# Inductive proof of an infinite sequence

Consider a sequence bn (containing infinite amount of values) with values in ℝ, indexed by ℕ. Suppose the range of bn is contained in the finite interval [a, b].

Use the Principle of Mathematical Induction to prove that for any n ∈ ℕ, there is an interval of length (b-a)2n, k ≥ 1, which contains infinitely many terms of the sequence

I can understand it intuitively, bn has infinite terms, so there exists a subset of bn that also has infinite terms. However, I am not sure how I would go about predicting this inductively.

• Hint: if $[x, y]$ contains infinitely many $b_n$, what can you say about (at least one of) $[x, z]$ and $[z, y]$ where $z = (x+y)/2$ is the midpoint of $[x, y]$? – Rob Arthan Dec 12 '16 at 22:59
• It would be infinite, correct? but I am not sure how to prove that either – Jotaro Dec 12 '16 at 23:00
• Well what can you say if both $[x, z]$ and $z, y]$ contained only finitely many $b_n$? Could there be infinitely many distinct $b_n$ in that case? – Rob Arthan Dec 12 '16 at 23:20
• I'm not sure what you mean by that. Are you saying if b<sub>n</sub> had a finite number of elements? In that scenario wouldn't both intervals also have a finite number of elements? – Jotaro Dec 12 '16 at 23:45
• I am asking you to think about what will be the induction step in your proof. You'll have an inductive hypothesis that an interval $[x, y]$ contains infinitely many of the $b_n$ and you'll need to come up with an interval with length $(x-y)/2$ which also contains infinitely many of the $b_n$. Over to you .... – Rob Arthan Dec 12 '16 at 23:49

Base case $n = 0$

The interval $(a,b)$ has infinitely many members of $\{b_n\}$.

Inductive hypothesis:

Suppose there is an interval of lenght $\frac {(b-a)}{2^n}$ that contains infinitely many points. Lets call this interval $(c,d)$

We must show that if when the hypothesis is true it implies that there is an interval of length $\frac {(b-a)}{2^{n+1}}$ that contains infinitely many points.

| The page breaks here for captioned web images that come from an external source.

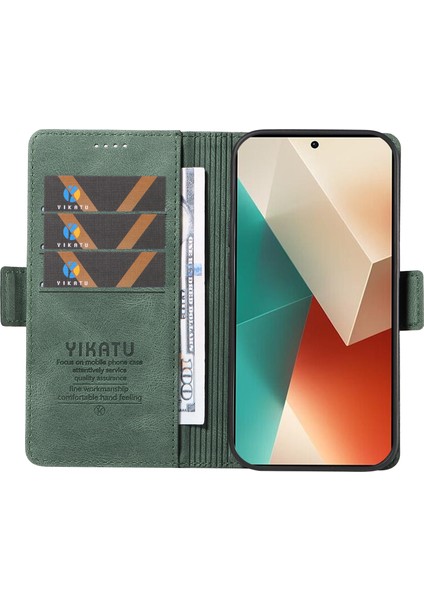 Anti-Düşen Telefon Kılıfı Için Xiaomi Poco X6 5g Kılıf Pu Deri Cüzdan Telefon Kapak Cilt Dokunmatik Duygu-Yeşil (Yurt Dışından) fiyatları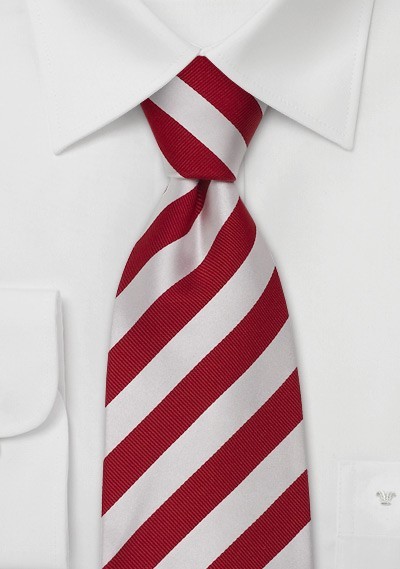 Red & White Striped Tie -  Striped tie made from pure silk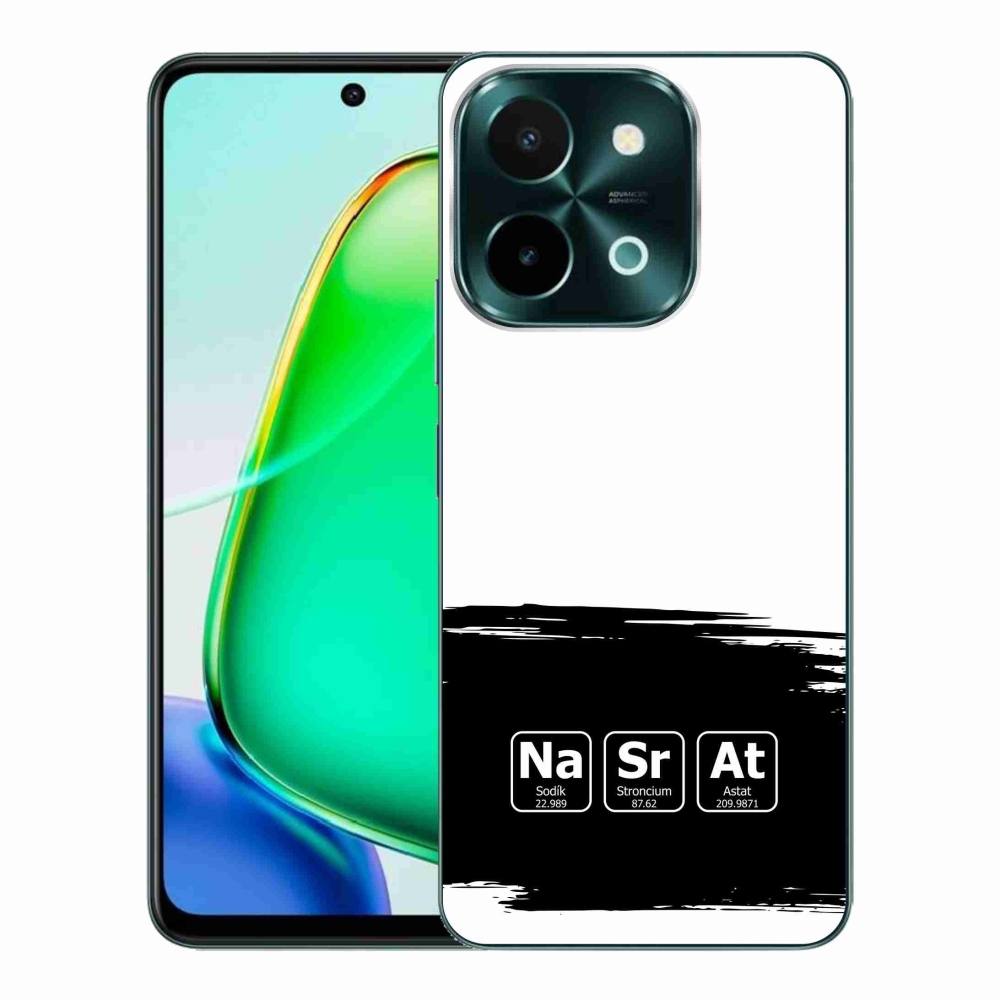 Gél borító mmCase a Vivo Y28-on - kémiai elemek fekete és fehér háttérrel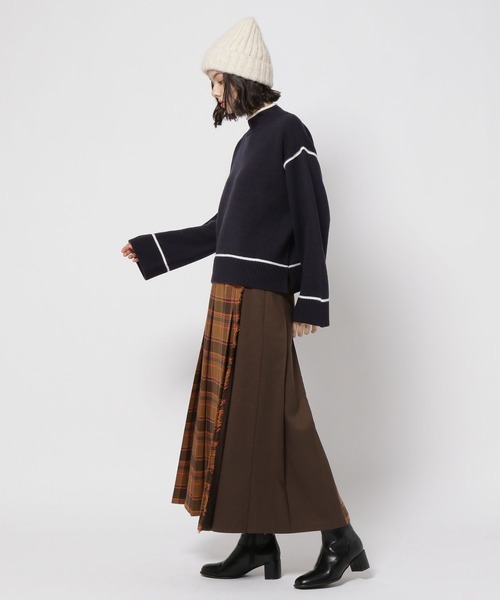 niko and...（ニコアンド）の「パイピングタートルプルオーバー（ニット/セーター・レディース・ネイビー/ベージュ/ブルー/アイボリー/ピンク・LARGE/MEDIUM）」の17枚目の写真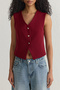 Bordo Fitted Crop Kalpli Düğmeli Dokuma Yelek TWOSS25YE00015 - 4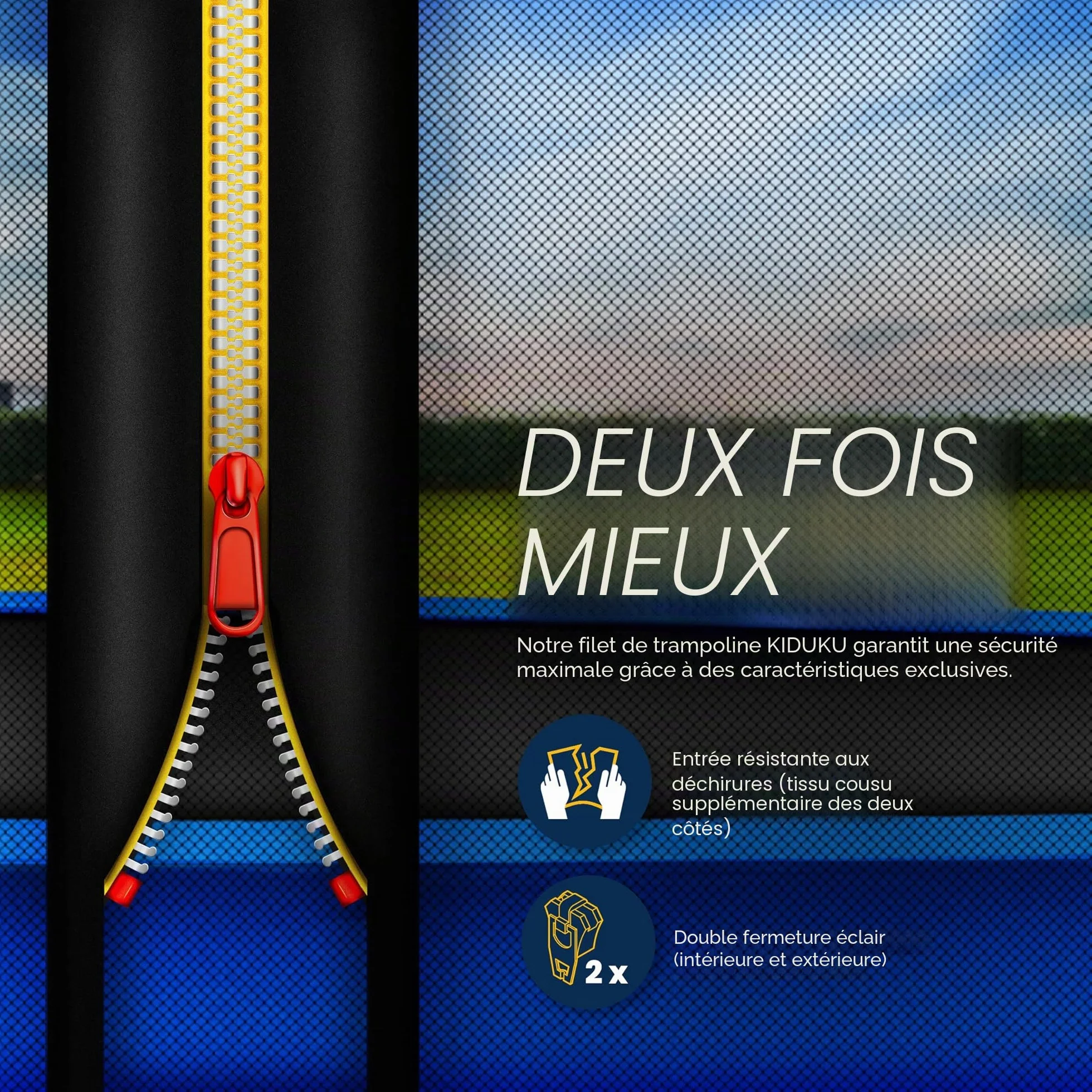 KIDUKU Filet de Remplacement pour Trampolines de Sécurité Ø 244-427 cm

$(c, \frac {c+d}{2})$ and $(\frac {c+d}{2}, d)$ are sub-intervals of (c,d) each or length $\frac {(b-a)}{2^{n+1}}$

At least one of $(c, \frac {c+d}{2})$ and $(\frac {c+d}{2}, d)$ has infinitely many points. i.e. if neither do, then $(c,d)$ does not have infinitely many points, and that would contradict our assumption.

QED